What you are asked to do: Print exactly the lines from the one that contains "LaytonBox stripchat stream image" through the final line of the entries below, both included, and nothing else; omit the pictures.

Supplied information:
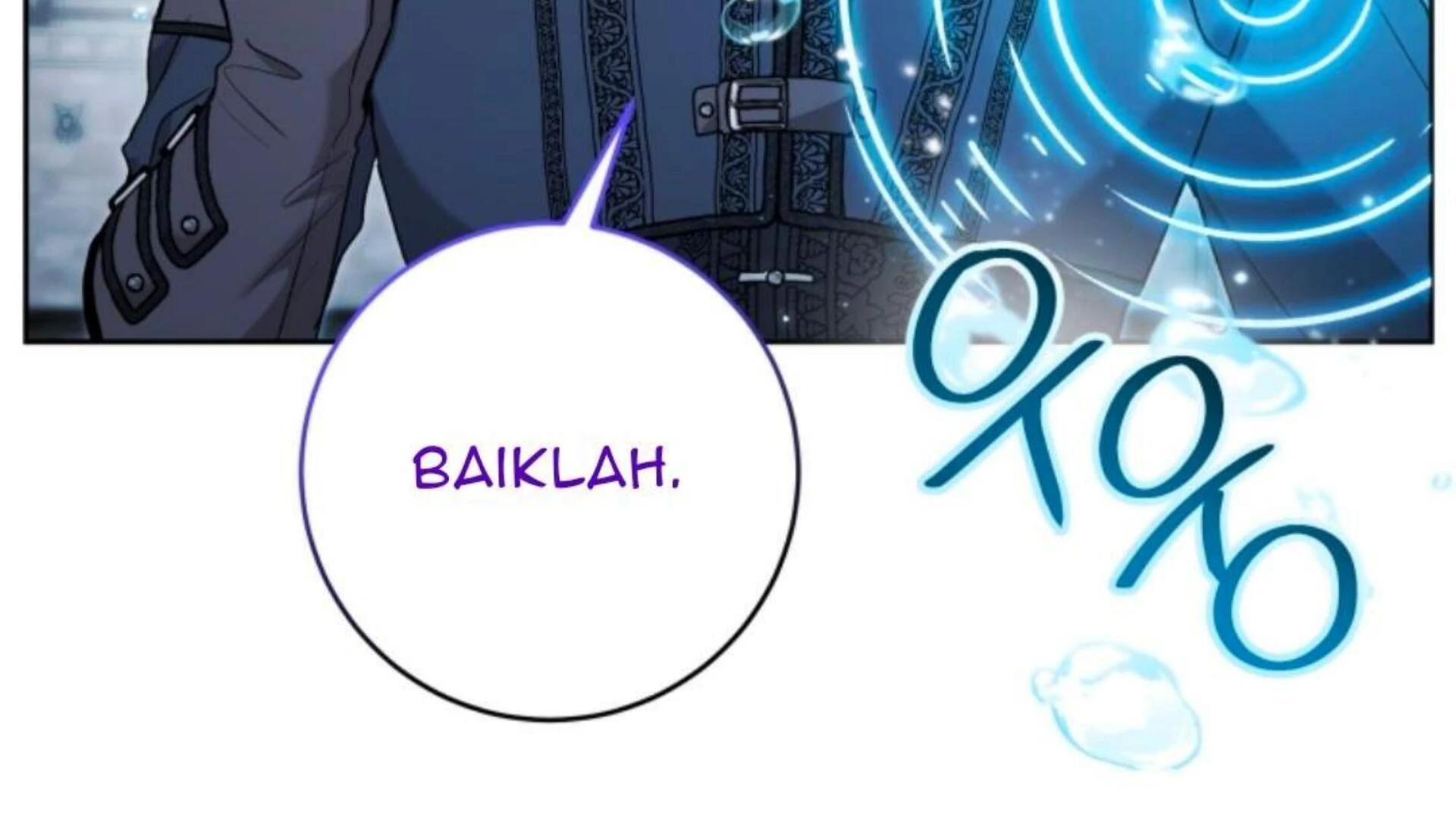 Halaman 566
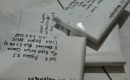 Hari #2 : Kreatif Mengemas Paket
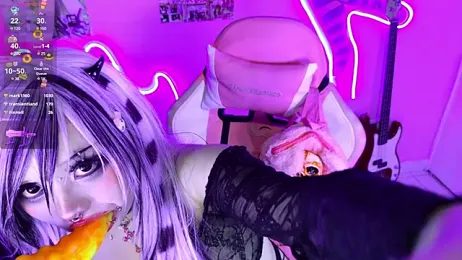 LaytonBox stripchat stream image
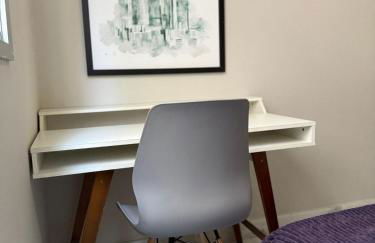 LK Grajaú 1 - Photo 40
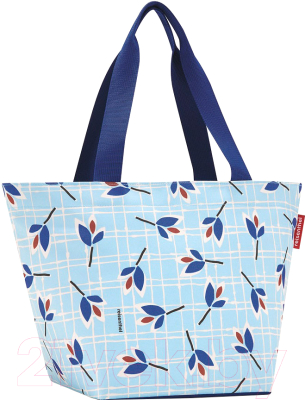 

Сумка-шоппер Reisenthel, Shopper M / ZS4064
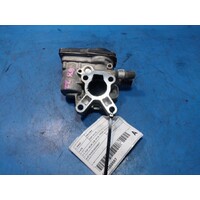 Nissan Navara D22 2.5 Yd25 Diesel Egr Valve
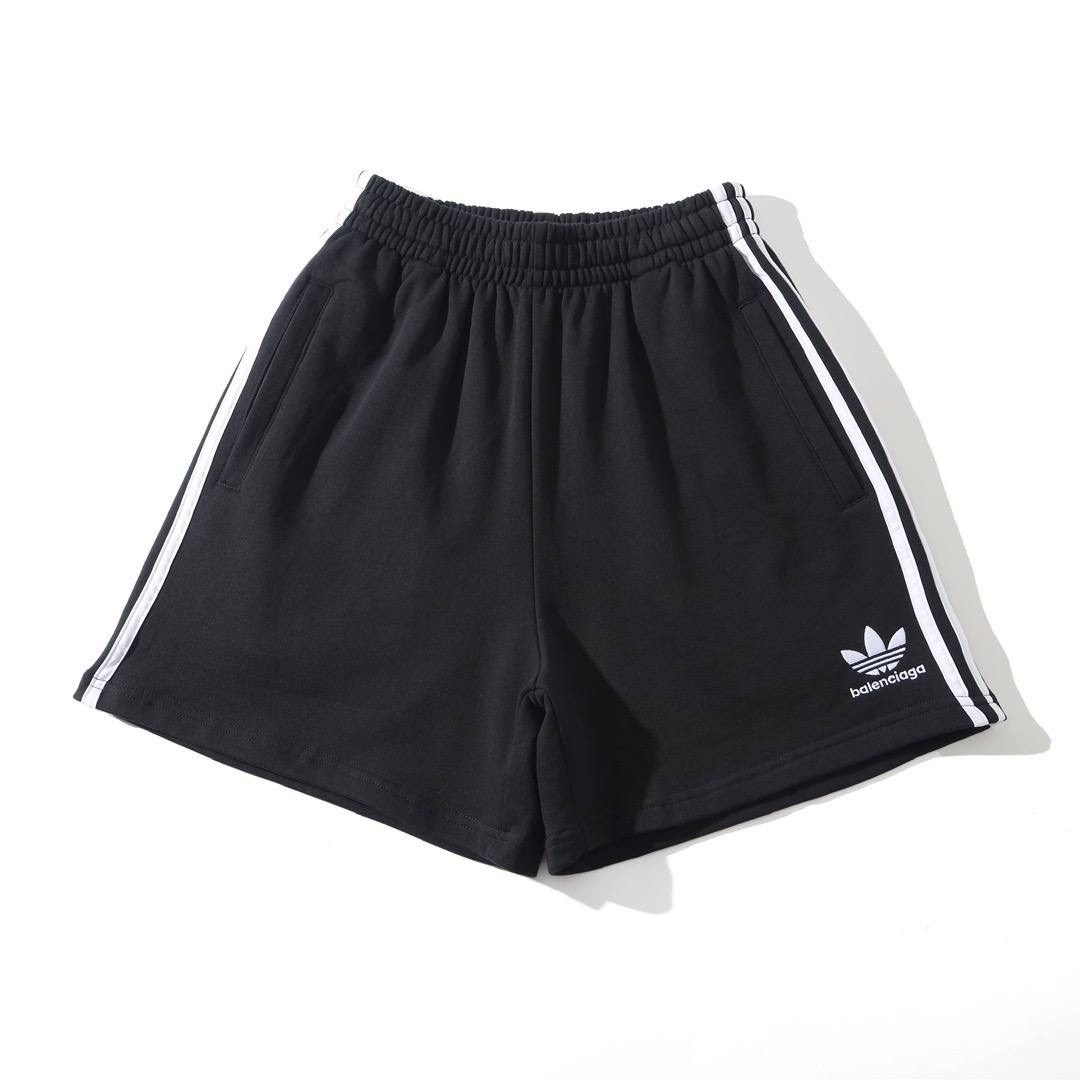 шорты адидас,шорты adidas originals,шорты adidas,шорты адидас ориджинал,шорты женские adidas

Answer:
 LaytonBox stripchat stream image
 LK Grajaú 1 - Photo 40

Сумка-шоппер Reisenthel, Shopper M / ZS4064
 Nissan Navara D22 2.5 Yd25 Diesel Egr Valve
 шорты адидас,шорты adidas originals,шорты adidas,шорты адидас ориджинал,шорты женские adidas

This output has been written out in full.